━━━ Source records ━━━
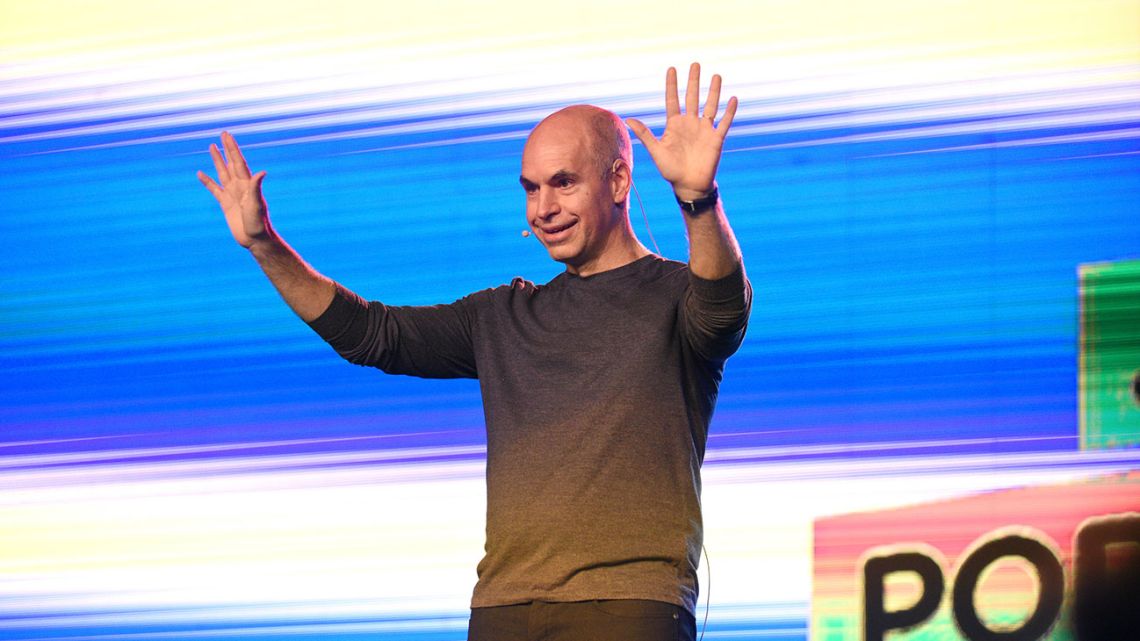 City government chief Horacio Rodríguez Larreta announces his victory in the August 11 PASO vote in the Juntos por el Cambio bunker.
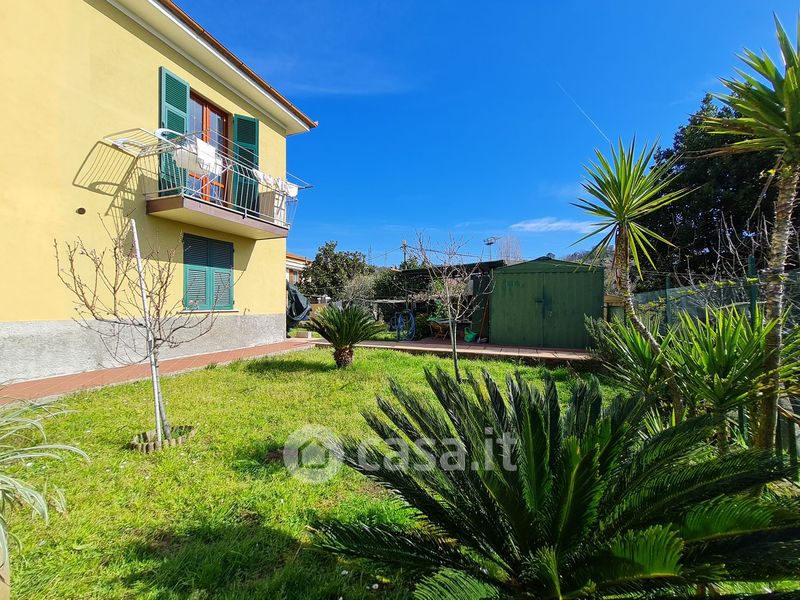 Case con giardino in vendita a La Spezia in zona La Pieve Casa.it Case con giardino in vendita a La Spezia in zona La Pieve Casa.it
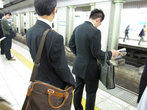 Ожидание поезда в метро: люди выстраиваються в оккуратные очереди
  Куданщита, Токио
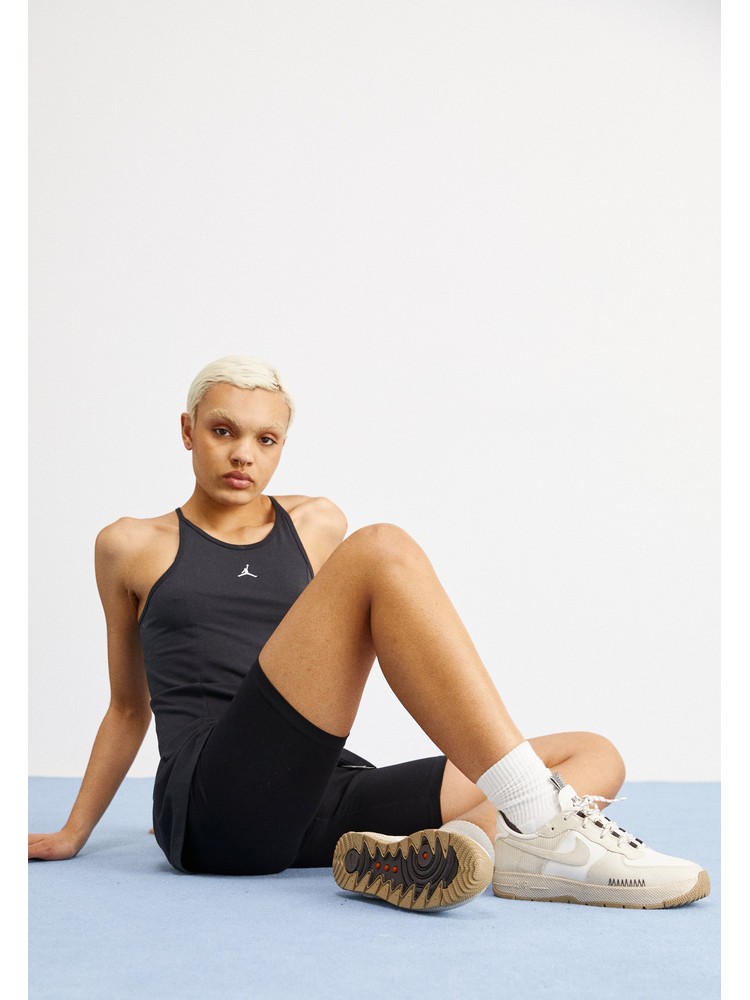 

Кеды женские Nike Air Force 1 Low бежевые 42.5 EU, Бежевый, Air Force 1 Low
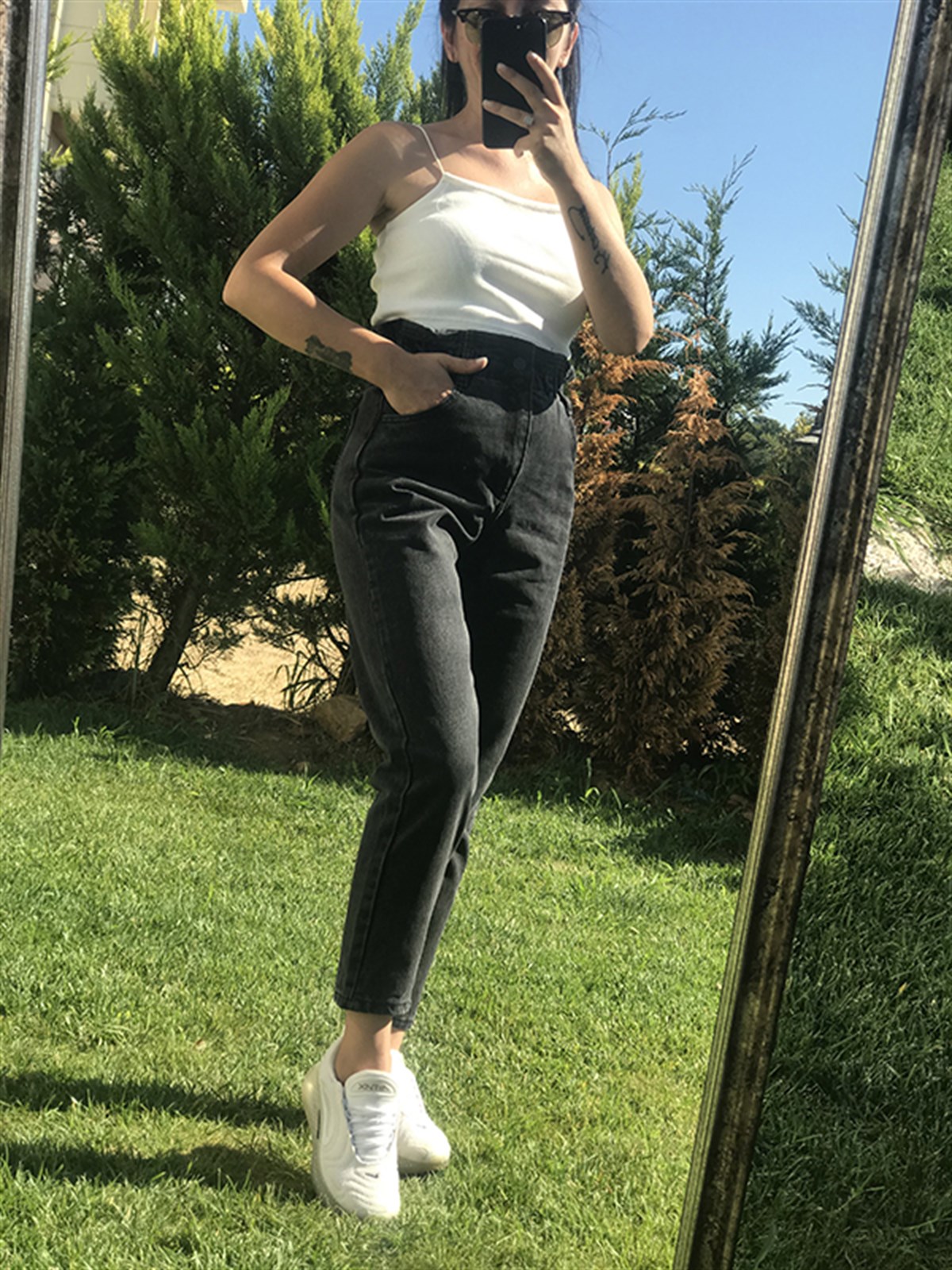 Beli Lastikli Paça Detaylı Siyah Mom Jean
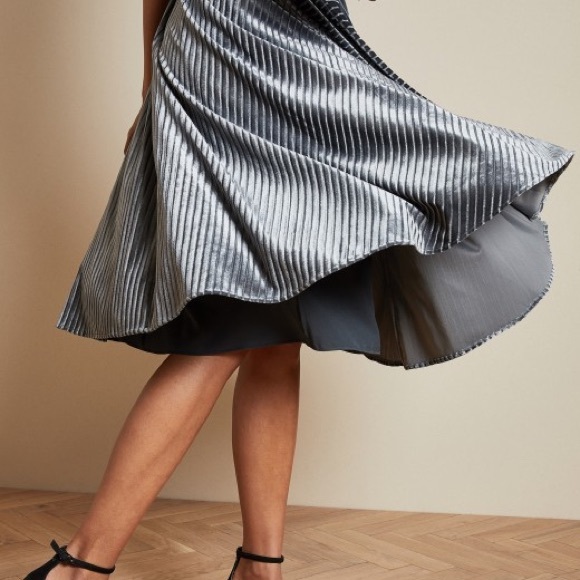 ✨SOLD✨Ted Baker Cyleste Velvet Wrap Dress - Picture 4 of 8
━━━
Apart from the pictures, return every entry above exactly as given.

> [Solution to this task]:
 City government chief Horacio Rodríguez Larreta announces his victory in the August 11 PASO vote in the Juntos por el Cambio bunker.
 Case con giardino in vendita a La Spezia in zona La Pieve Casa.it Case con giardino in vendita a La Spezia in zona La Pieve Casa.it
 Ожидание поезда в метро: люди выстраиваються в оккуратные очереди
  Куданщита, Токио

Кеды женские Nike Air Force 1 Low бежевые 42.5 EU, Бежевый, Air Force 1 Low
 Beli Lastikli Paça Detaylı Siyah Mom Jean
 ✨SOLD✨Ted Baker Cyleste Velvet Wrap Dress - Picture 4 of 8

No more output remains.